3.2. B-Spline Neural Networks

In the past two decades, adaptive controllers based on BSNN have been used in many industrial, electronic, mechatronics, and electromechanical control systems to regulate output variables, such as parallel kinematic manipulators, electrical power systems, shunt DC motors, UPS inverters, quadrotor, power control of wind turbine and induction motor [16,17,18,19,20,21]. The typical structure of a BSNN is shown in Figure 2. The main feature of the BSNN is adjusting its weights iteratively on-line in an attempt to reproduce a particular function using a conjugate gradient. The adaptability feature of the neural network gives the ability to learn from previous events, by interconnecting the input data to output, as shown in Figure 2. However, the initial values of weights of the BSNN are often generated randomly or adjusted based on the designer’s experience to get excellent performance for a specific controller [16,17,19].

The BSNN can compute its response on-line, based on a modest structure and a short number of basic mathematical operations that are an important desirable feature for efficiently controlled physical systems. To design the BSNN is a priority to define the size of the input space lattice, which is defined by a set of nth knot vectors (KV). In this work, a KV is used for each one of the three control loops. To define the number of knots, the interval between them, and the value of each one, this can be calculated using an optimization algorithm or through the user’s experience knowing the magnitude and the input signals to the neural network. Thus, each control loop has a KV but they must be adjusted in relation to the maximum and minimum values of the reference signals. The KV are distributed in groups of 4 elements and 8-knot points, to form 3 B-spline functions that between them must share one or more knot points. The univariate base function for the B-spline can be defined in the following expression [17]
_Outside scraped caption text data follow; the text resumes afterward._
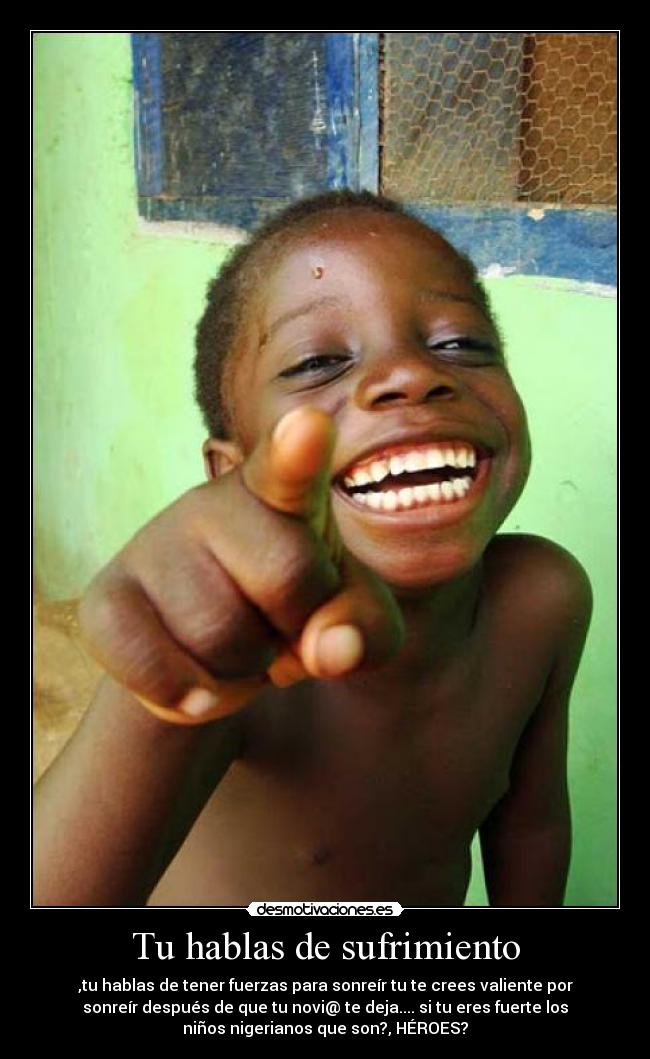Tu hablas de sufrimiento -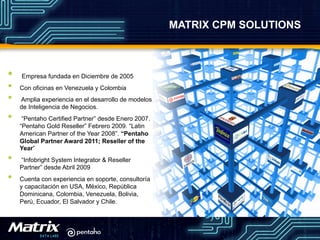 MATRIX CPM SOLUTIONS
•  Empresa fundada en Diciembre de 2005
•  Con oficinas en Venezuela y Colombia
•  Amplia experiencia...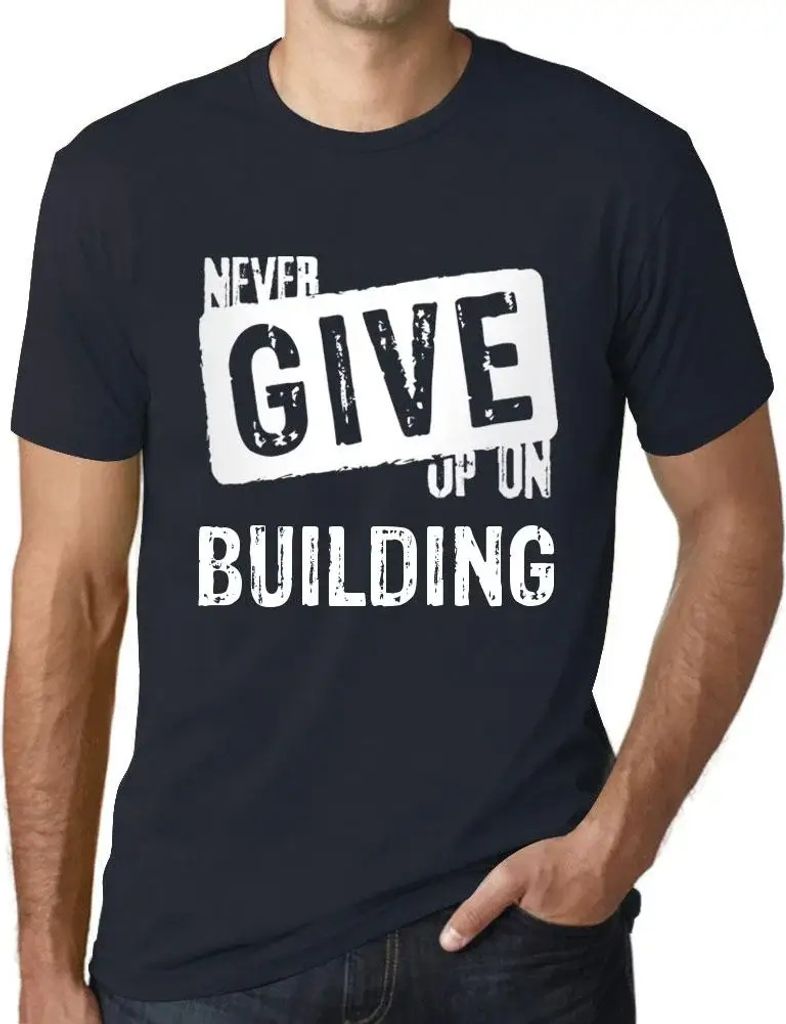 Herren Grafik T-Shirt Niemals aufgeben zu bauen – Never Give Up On Building – Öko-Verantwortlich Vintage Jahrgang Kurzarm Lustige Druck Geburt...
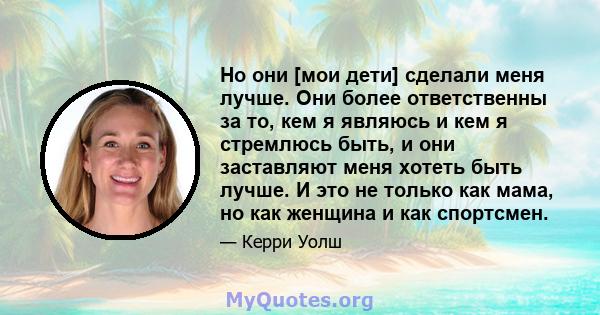 Но они [мои дети] сделали меня лучше. Они более ответственны за то, кем я являюсь и кем я стремлюсь быть, и они заставляют меня хотеть быть лучше. И это не только как мама, но как женщина и как спортсмен.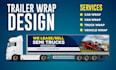 creative box truck truck , trailer wrap , food truck any vehicle wrap design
$$\begin{array}{c}{S}_K^j\left(u\right)=\left(\frac{u-{\lambda }_j-k}{{\lambda }_{j-1}-{\lambda }_{j-K}}\right)S_{K-1}^{j-1}\left(u\right)+\left(\frac{{\lambda }_j-u}{{\lambda }_j-{\lambda }_{j-K+1}}\right)S_{K-1}^j\left(u\right)\\ S_1^j\left(u\right)=\{\begin{array}{c}1 \mathrm{if} u ϵ I_j\\ 0 \mathrm{for} \mathrm{other} \mathrm{cases}\end{array}\end{array}$$

(17)

where $u$ is the input, ${\lambda }_j$ is the $j_{th}$ knot point and $Ij=\left[{\lambda }_{j-1},{\lambda }_j\right)$ is the $j_{th}$ interval between two-knot points, and $K$ corresponds to the order of the output function. The output of each BSNN can be written as follows [29,30]:

$${\sigma }_i={\displaystyle \sum }_{m=1}^P{a}_m{w}_m=a_i^T{w}_i {\forall }_i=1, 2, 3$$

where $a_i$ corresponds to P-dimensional vector which have the outputs of the basis functions and, $w_i$ corresponds to the weights vector which is updated through the selected instantaneous learning instruction

$$w_i=w_i\left(t-1\right)+\frac{\gamma {\sigma }_i\left(t\right)}{{\left|\left|a_i\left(t\right)\right|\right|}_2^2}{a}_i\left(t\right) {\forall }_i=1, 2, 3$$

(18)

where ∥·∥ is the Euclidean norm and the increment, γ corresponds to the learning rate, $w_i\left(t-1\right)$ is the previous weight, and ${\sigma }_i$ corresponds to the BSNN output error. The process to carry out the instantaneous training (IT) that uses the neurocontroller based on the BSNN, is used to calculate the value of the weights of the active base functions. The algorithm for the instant learning rule works to minimize the estimated value of performance metric mean square error (PMMSE) function of the output vector, and the values are adjusted using the descending gradient criterion (DGC) [30]. Following the rules defined above, the online training algorithm for the BSNN can be summarized in the next pseudocode (Algorithm 1).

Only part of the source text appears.